[[ EXTRACTED MATERIAL, beginning ]]
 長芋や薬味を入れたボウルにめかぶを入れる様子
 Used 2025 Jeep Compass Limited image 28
[[ EXTRACTED MATERIAL, end ]]
[[ EXTRACTED MATERIAL, beginning ]]
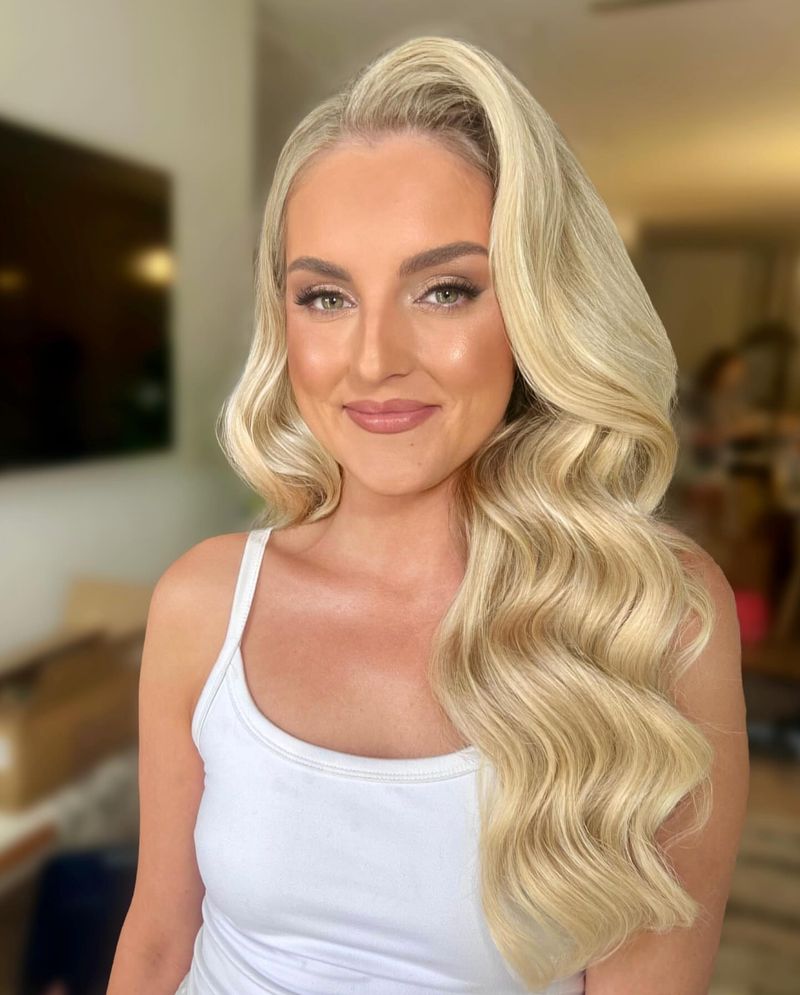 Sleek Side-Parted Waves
[[ EXTRACTED MATERIAL, end ]]
[[ EXTRACTED MATERIAL, beginning ]]
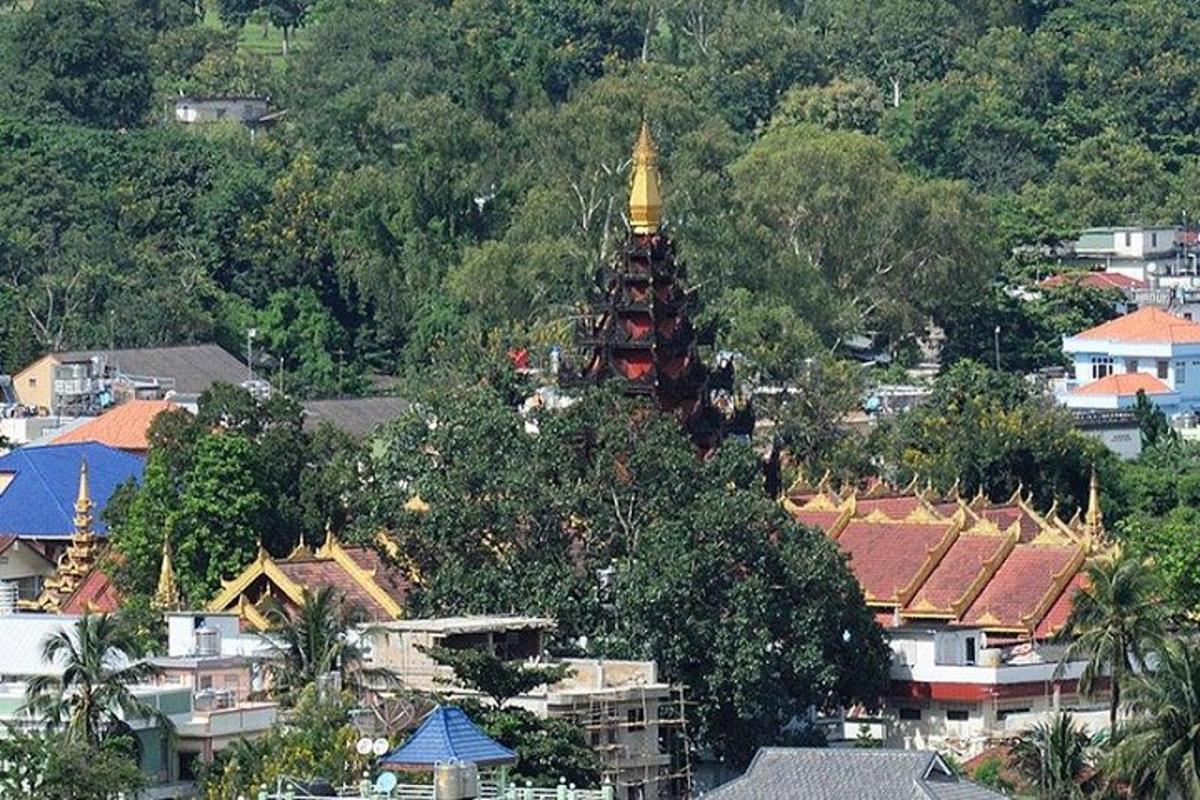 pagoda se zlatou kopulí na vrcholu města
[[ EXTRACTED MATERIAL, end ]]
▶ EXERCISE REQUIREMENTS
In the listing above, find the line holding "長芋や薬味を入れたボウルにめかぶを入れる様子" and the line holding "Used 2025 Jeep Compass Limited image 28", then output those two lines and every line between them exactly.

▶ ANSWER SPACE
 長芋や薬味を入れたボウルにめかぶを入れる様子
 Used 2025 Jeep Compass Limited image 28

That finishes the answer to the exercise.